Assignment = Print only the lines below from the one with "Video del gameplay di Words & Ladders 1" to the one with "Javier Torres/Photosport", both included, exactly as they stand. Leave pictures out.
(Beginning of Supplied information)
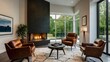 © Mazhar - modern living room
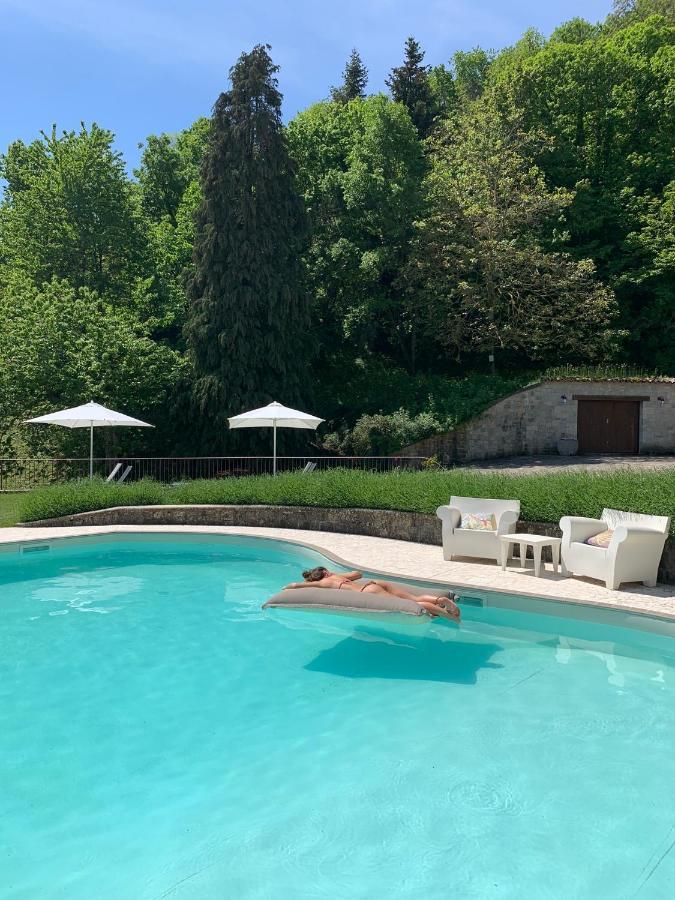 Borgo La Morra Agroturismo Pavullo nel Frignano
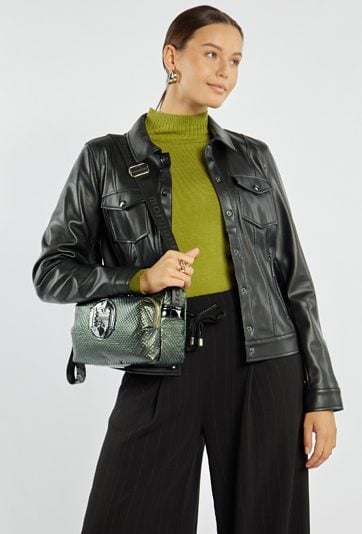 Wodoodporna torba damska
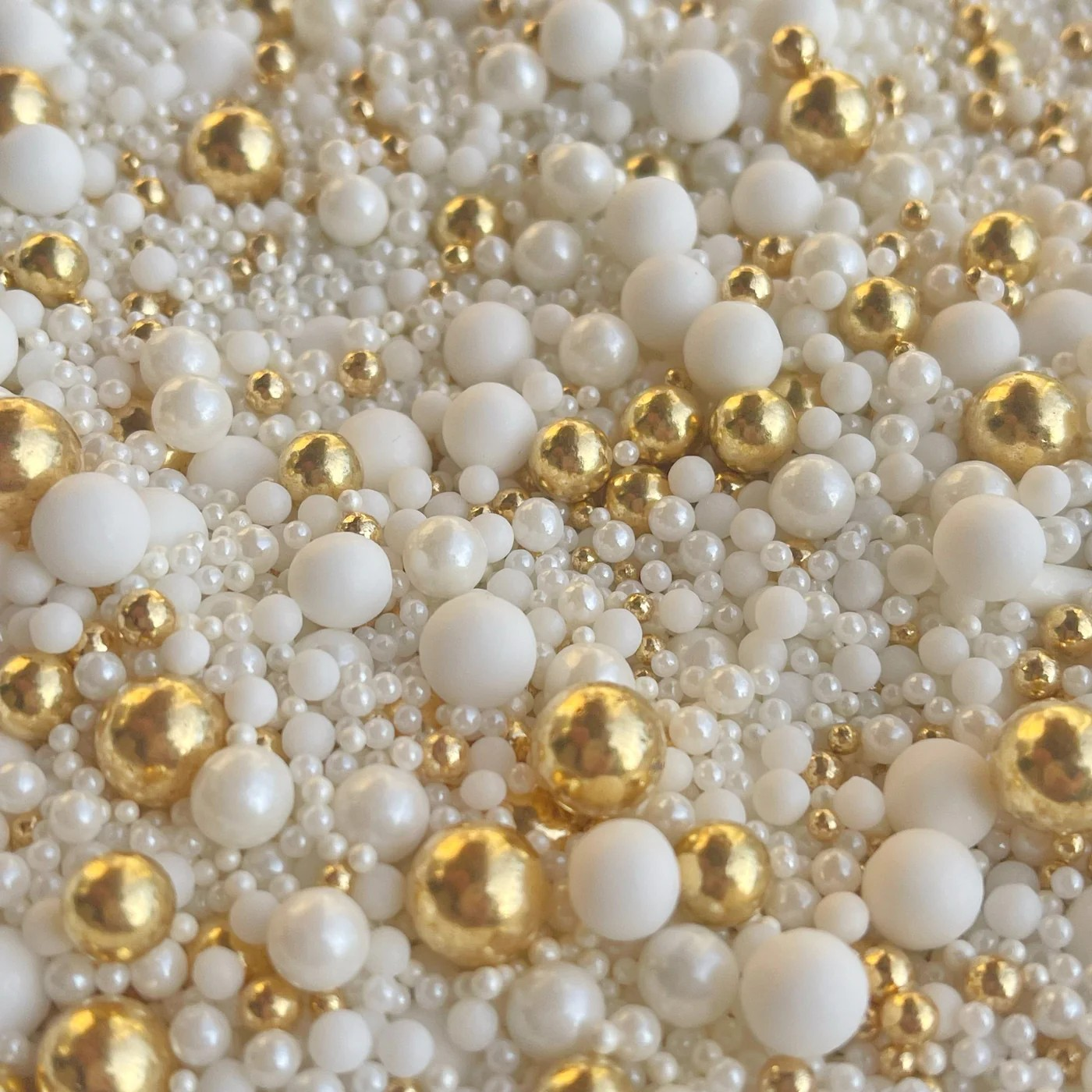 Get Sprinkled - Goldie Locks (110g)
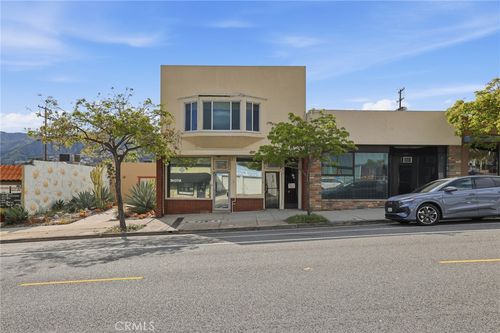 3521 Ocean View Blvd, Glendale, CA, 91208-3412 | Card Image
(End of Supplied information)
(Beginning of Supplied information)
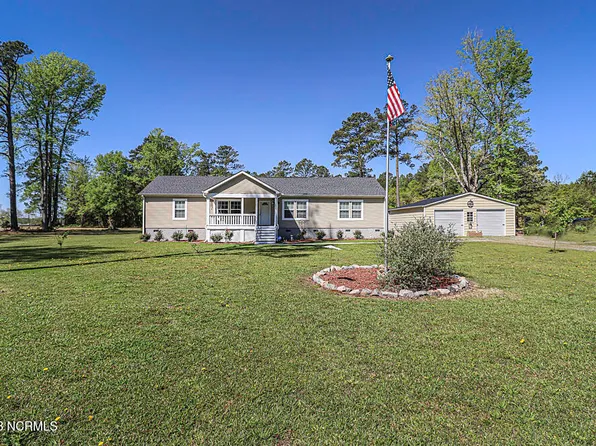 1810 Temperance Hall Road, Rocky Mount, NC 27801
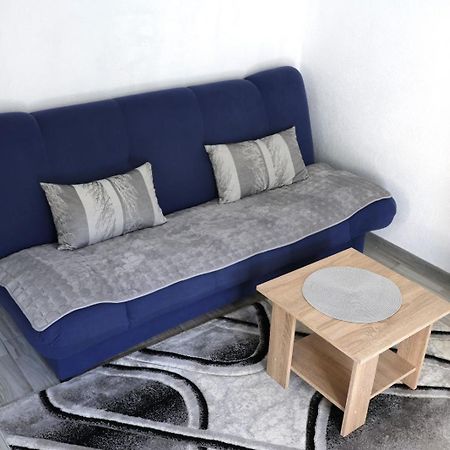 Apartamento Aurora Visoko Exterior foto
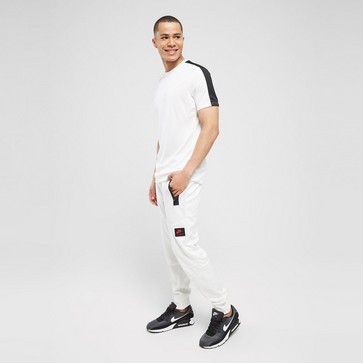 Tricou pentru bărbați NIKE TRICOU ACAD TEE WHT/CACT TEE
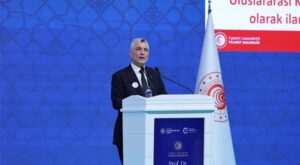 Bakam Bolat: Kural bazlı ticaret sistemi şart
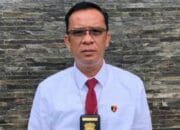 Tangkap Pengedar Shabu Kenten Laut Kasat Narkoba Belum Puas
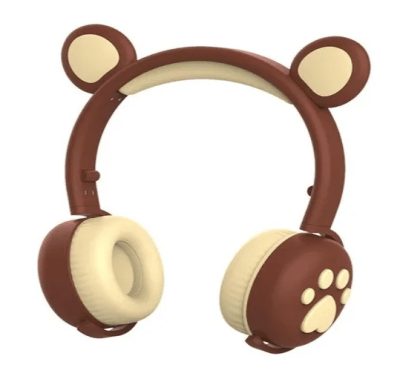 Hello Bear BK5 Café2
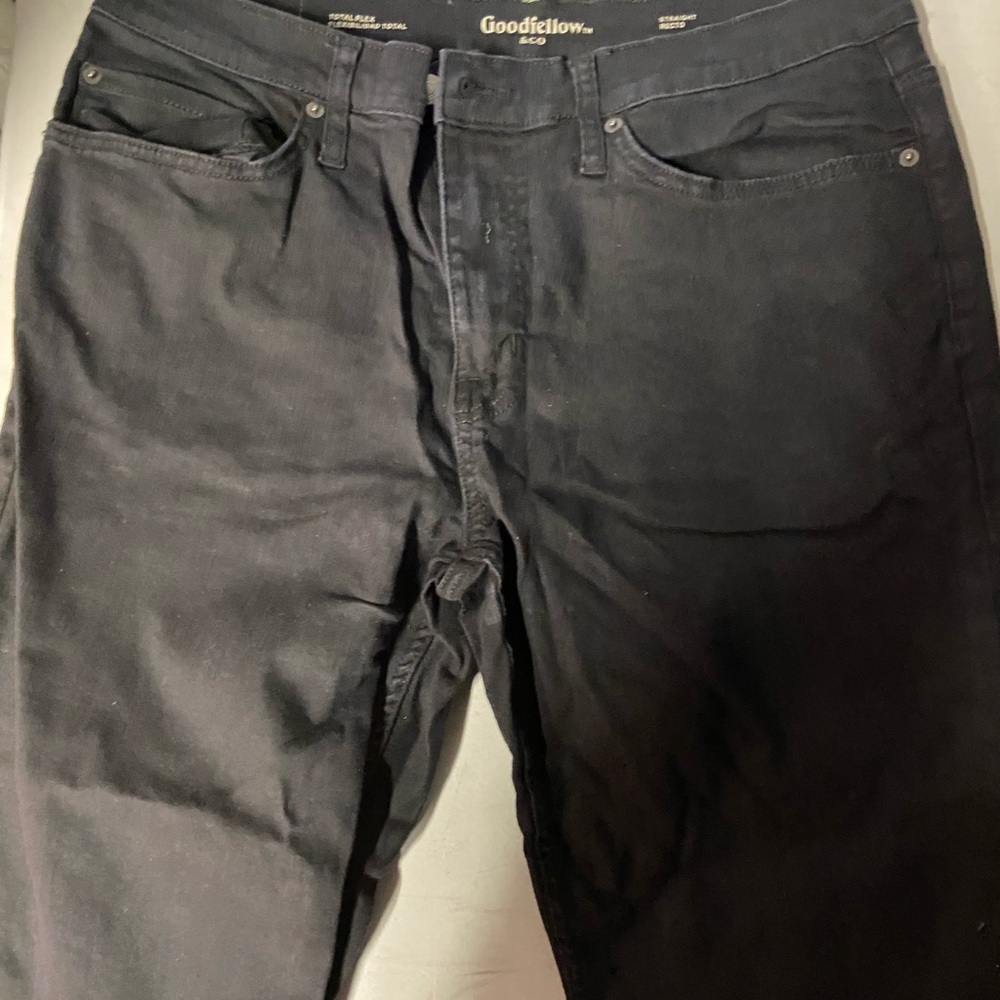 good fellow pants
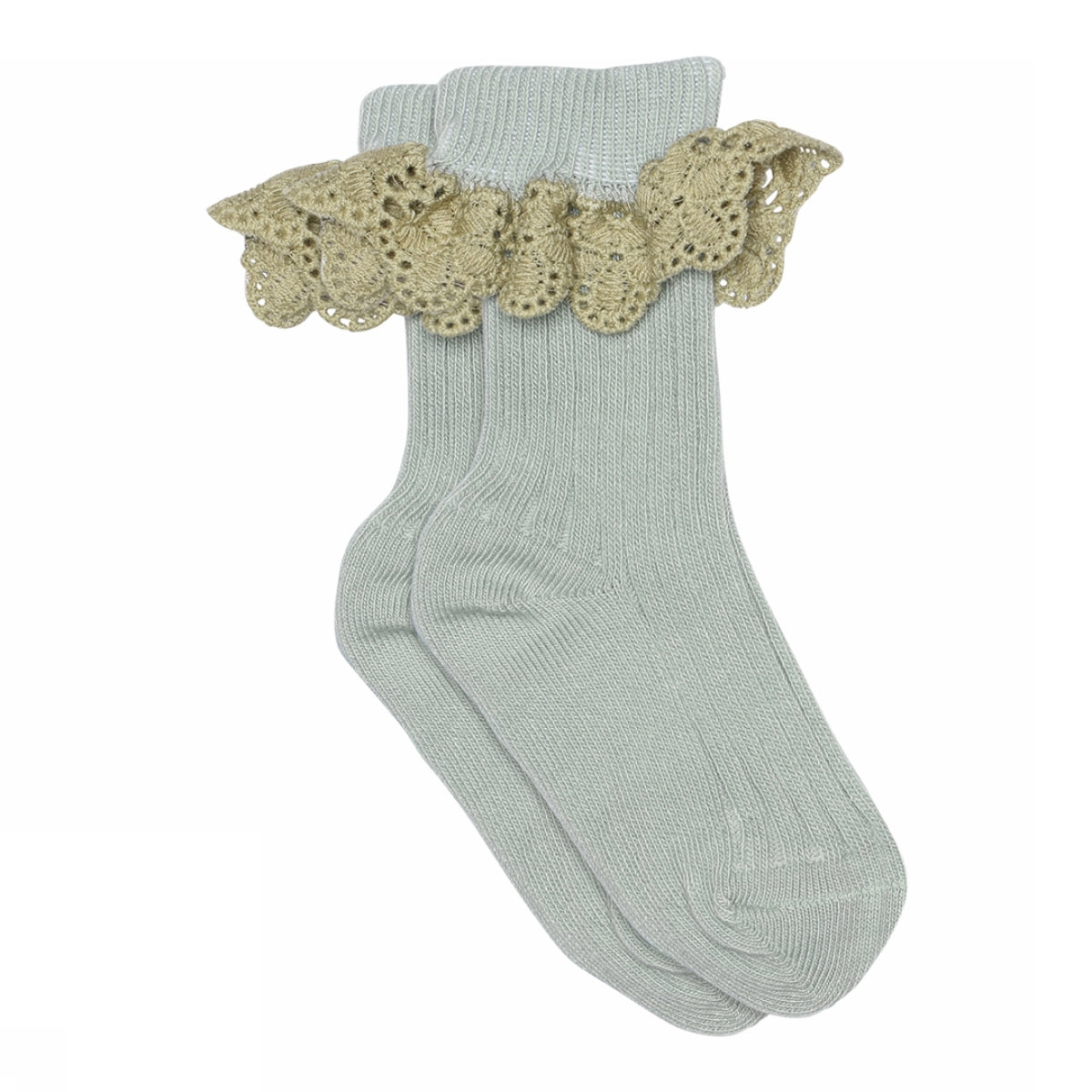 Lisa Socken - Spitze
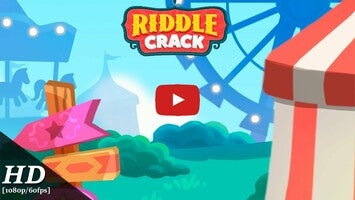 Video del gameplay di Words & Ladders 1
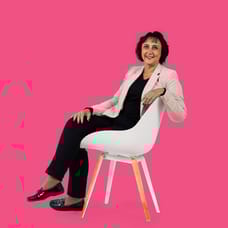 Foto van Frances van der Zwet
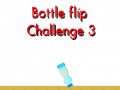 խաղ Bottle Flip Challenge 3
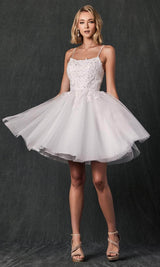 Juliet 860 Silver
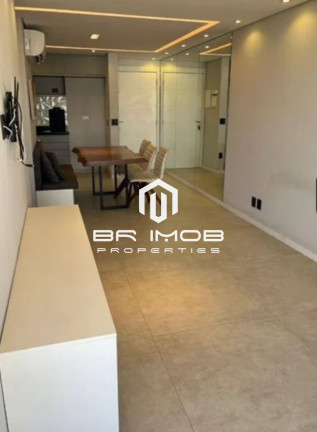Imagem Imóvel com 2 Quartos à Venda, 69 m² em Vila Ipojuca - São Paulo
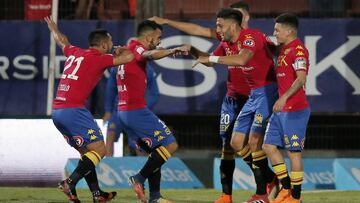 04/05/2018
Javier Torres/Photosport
(End of Supplied information)
(Beginning of Supplied information)
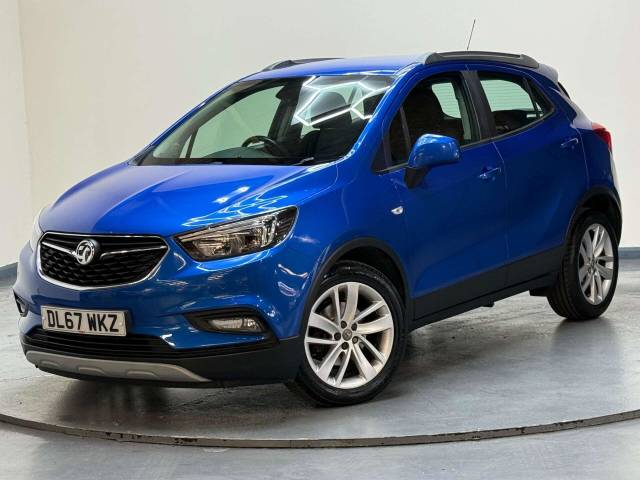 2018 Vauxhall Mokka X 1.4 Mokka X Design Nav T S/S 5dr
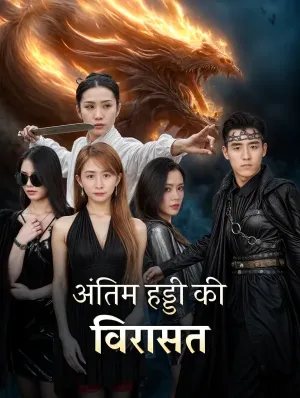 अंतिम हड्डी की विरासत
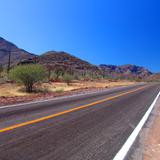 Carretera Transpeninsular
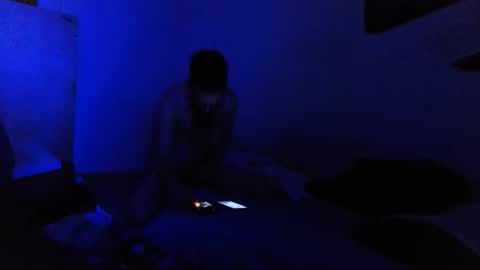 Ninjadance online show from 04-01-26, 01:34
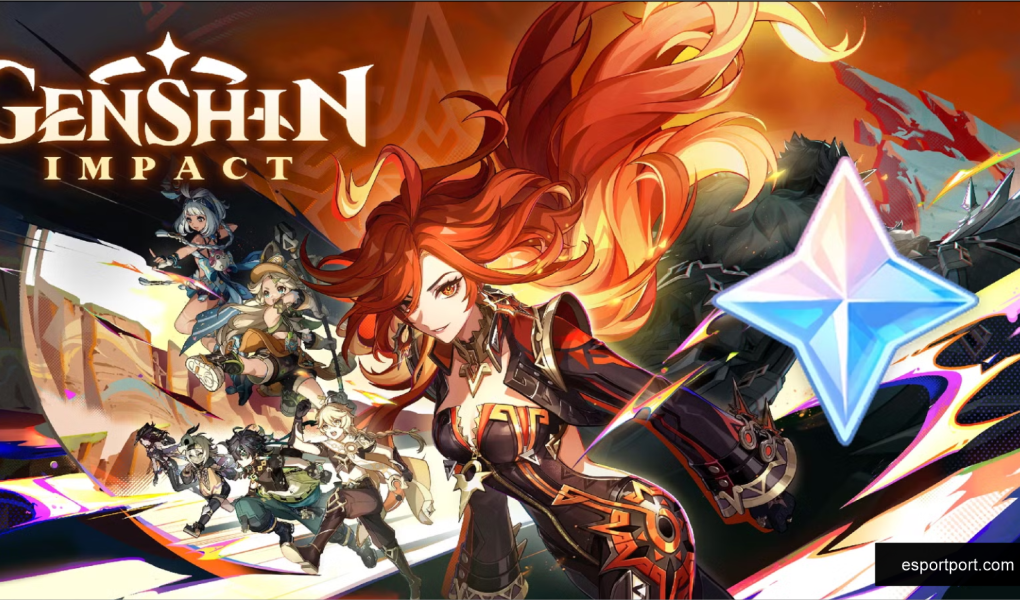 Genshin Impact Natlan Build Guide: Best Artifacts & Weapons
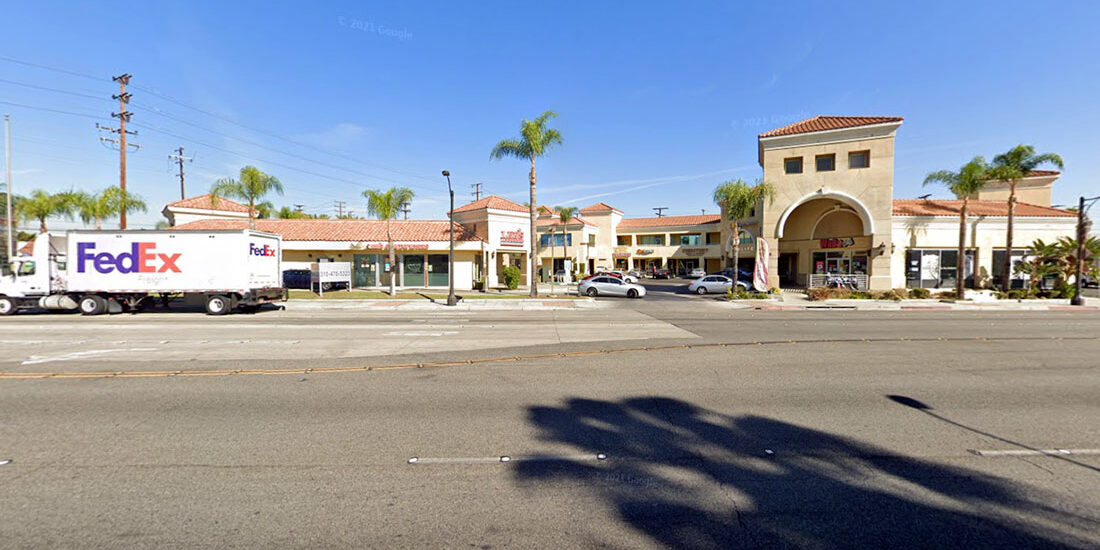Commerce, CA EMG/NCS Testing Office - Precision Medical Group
(End of Supplied information)
Your response =
 Video del gameplay di Words & Ladders 1
 Foto van Frances van der Zwet
 խաղ Bottle Flip Challenge 3
 Juliet 860 Silver
Imagem Imóvel com 2 Quartos à Venda, 69 m² em Vila Ipojuca - São Paulo
 04/05/2018
Javier Torres/Photosport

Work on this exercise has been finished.